Mayor Gayle McLaughlin and other elected leaders joined Ritterman at the church and pushed hard for the measure. McLaughlin pledged to pass postelection legislation requiring that every dollar from Measure N goes to youth health and recreation programs, another in a long line of tweaks to the message that the pro-N side has made over months of campaigning to counter critics.
With its vast budget, The Community Coalition Against Beverage Taxes counts hundreds of local businesses and influential community groups, including the NAACP and Black Women of Political Action, among its members. The city's streets and airwaves are awash in "No on N" ads, funded by the Washington D.C.-based American Beverage Association. The coalition has also provided thousands in direct payments to influential community leaders, including to the Black American Political Action Committee and its treasurer, Joe Fisher.

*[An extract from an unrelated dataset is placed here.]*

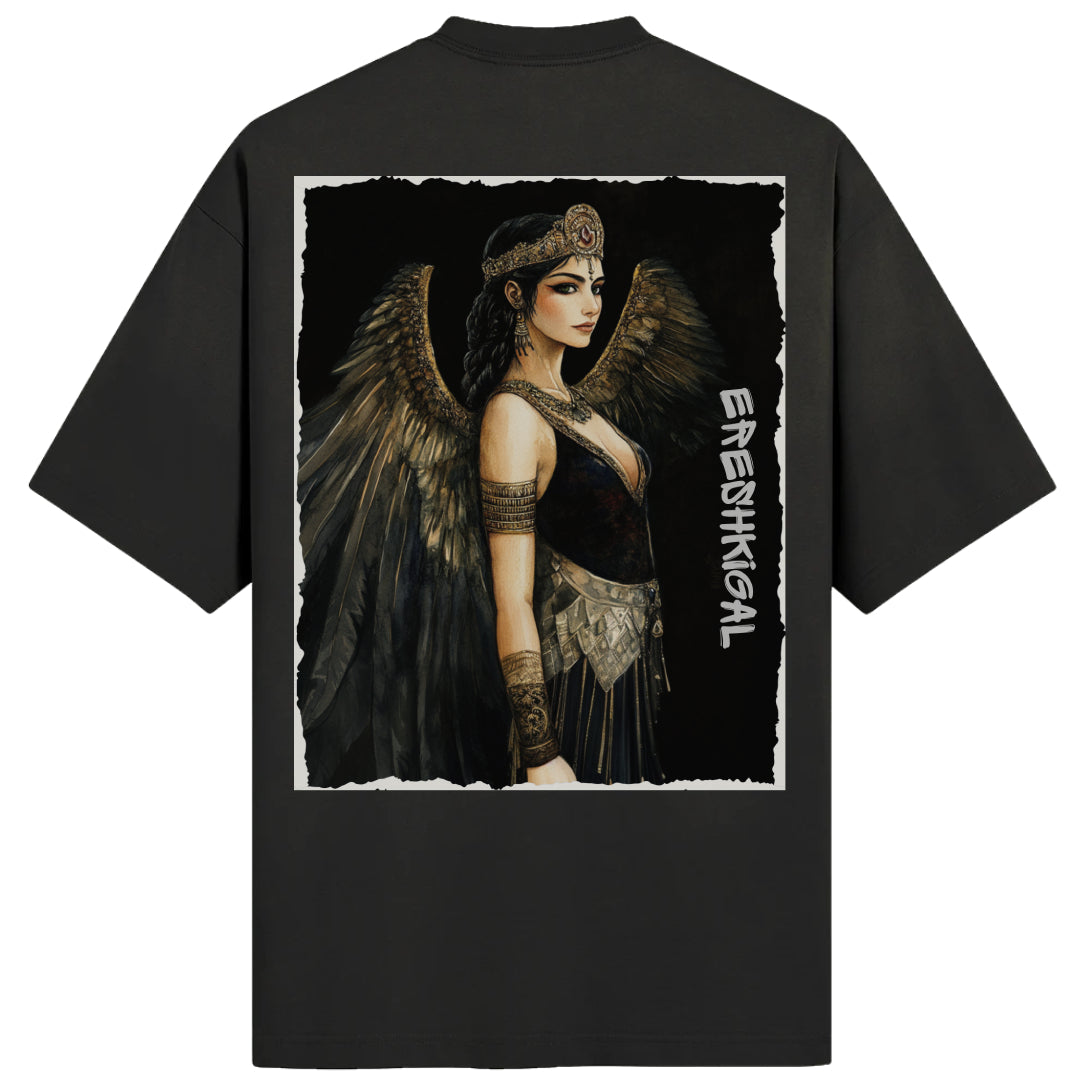 ERESHKIGAL OVERSIZED T-SHIRT - GODS OF DEATH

"Without Big Soda's money, there would be no organized opposition against the soda tax," Ritterman said. Critics have complained that Ritterman and his allies initially overlooked the support of local churches and leaders, opening the door for the beverage industry to make inroads. Ritterman disagrees.
"No regrets," Ritterman said. "We have worked hard. We have run an honest campaign."
Observers close to the campaigns on both sides say N has a slim chance at passage but still marvel at the spirited, crafty, bare-bones campaign that pushed Richmond into the national spotlight on public health policy.
The battle in Richmond may be lost this year, they say, but the larger war changing the beverage industry is still in their favor.
"This really advanced the cause no matter how the vote turns out," said Councilman Tom Butt. "A lot of people have been watching this, learning what to do and what not to do, and I am sure there will be other cities that will take this up."